WCT: I love that Elyot refuses to identify as gay though he clearly is of, shall we say, that stripe.

PR: He judges people so completely on how much they either please him or get in his way that gender becomes small change. But there is a boyfriend in Elyot’s future that, of course, as do all his relationships, ends tragically bizarre. [Laughs] Elyot will meet someone with even higher standards than his own. You can get to that point, you know, where your taste is so good that you can no longer breathe. [Laughs hard]

WCT: In & Out is a very funny comedy—one of the few gay-themed releases to make money.

PR: Thank you. One of the insane things about it is that it was set in the Midwest in Indiana and it was shot entirely on the east coast in New Jersey and on Long Island and we just always had to be careful not to turn the cameras around to reveal the ocean.

WCT: You have worked as a script doctor on several comedies, including The First Wives Club.

PR: Yes, that was a lunatic project. When I came onboard it was actually not intended to be a comedy. It was quite serious and the Diane Keaton character had a troubled marriage partially due to the fact that the couple were raising a retarded child and I was told to make the retarded child into a lesbian daughter. And of course my initial reaction was, “A retarded lesbian would cover every political base” and they said, “We don’t think so” so she became a lesbian and everything got funnier and funnier after that.

WCT: Bette Midler has said many times that when they went back to make a sequel it was turned down. Do you know anything about that?

PR: Well, there were several attempts. I actually worked on one idea for a sequel that sadly became very inappropriate after 9/11 because it was very New York-based and about the mayoral race.

WCT: I Shudder has a very telling portrait of gay producer Scott Rudin who is famous for his legendary temper but also has a heart of gold.

PR: Absolutely. He’s the kind of person which fascinates me and who I often adore because they are these outsized personalities—they’re sort of helplessly who they are—and you can both enjoy them, you can be terrified by them and you can learn an enormous amount from them. Because especially if you’re going to be the kind of guy who actually gets movies made or plays produced you can’t be a shrinking violet. Look at his track record—it speaks for itself.

WCT: Have you worked on any movies since The Stepford Wives which you’ve said was a heartbreaking experience for you?

PR: I did a rewrite on The Devil Wears Prada—one of many writers.

WCT: Have you thought about writing another film after your bad experience on The Stepford Wives?

PR: I may but that was a little daunting. It did make me think, “Okay, I’m not going to get involved in a situation like that again until I’m far more sure of my work and of the material.” I’m sure I’ll work on more in the future.

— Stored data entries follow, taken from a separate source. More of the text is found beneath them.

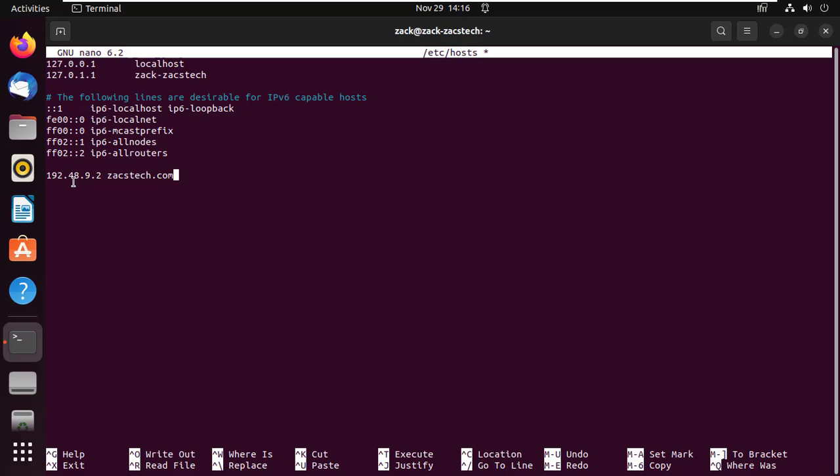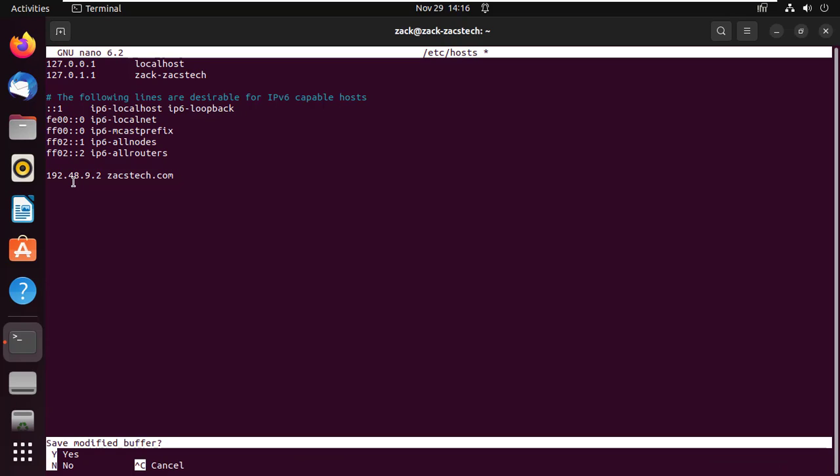So when you want to access the host you have entered, the system will use this IP address in the file. To save the file, just press Ctrl+X and enter Y for yes, then press Enter.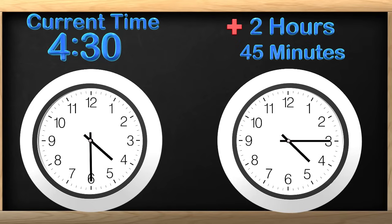Remember, when the minute hand moves, so does the hour hand. Now the clock reads 5:15. Great job so far!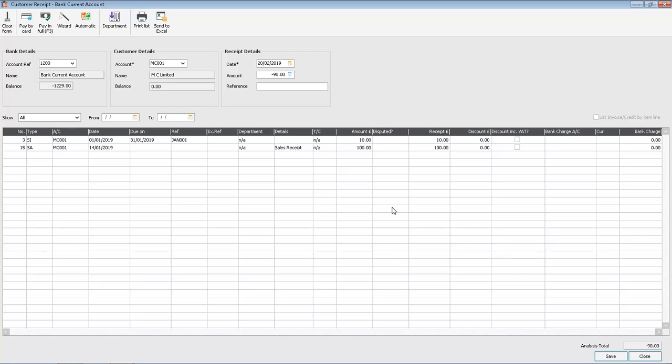And against the payment on account, which is for £100, we've entered £100 in the receipt column. So we can only actually allocate £10 of the payment account to the invoice.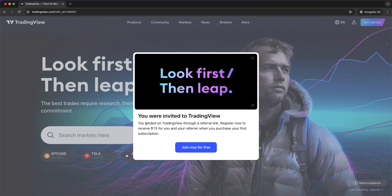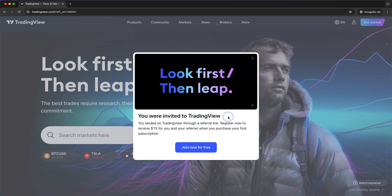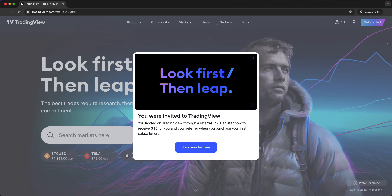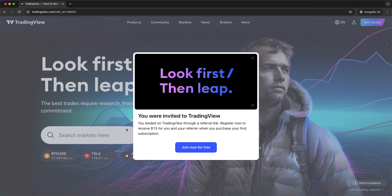Just tap the link in the description down below and you will be greeted with this screen. As you can see, you were invited to TradingView — you landed on TradingView through a referral link. Register now to receive $15 on the referral when you purchase your first subscription. Basically, you can just tap on this link and get $15 off.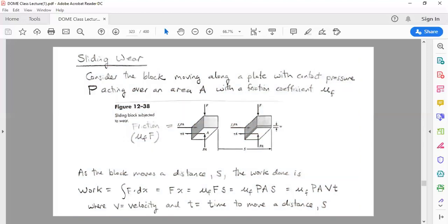One of the main things we are going to deal with regarding bushings is analyzing the wear. The wear of the bushing is going to be proportional to the work done on the bushing — the more work done, the more wear developed, and therefore more material removed from the bushing.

It was also time to take a break—I’d been working kind of nonstop for a few years there and that’s why it was so nice to return to the theatre and to write my book and ground myself a little more.

WCT: I loved your appearance in The Celluloid Closet—it was the first movie I reviewed—and now I see that you’re in Making the Boys about The Boys In the Band which I’m dying to see. Can you talk about that for a moment and the importance of being aware of our gay history when it comes to the arts?

PR: Oh, absolutely, because both The Celluloid Closet and Making the Boys are wildly entertaining movies on top of being wonderfully educational. Certainly, if you’re feeling depressed after Maine or California or any of these desperately awful voting situations and you want to feel a little better about gay lives and the representation of gay lives you can see how little was even permitted a relatively short time ago and things are getting marginally better. I think it’s important to remember and it’s important to have a sense of gay history and gay forebears; to honor the people who got the ball rolling. They can also give you a certain hope for the future. Remember that wonderful line in Angels in America about “the world only spinning forward” and that applies even to of all places Hollywood.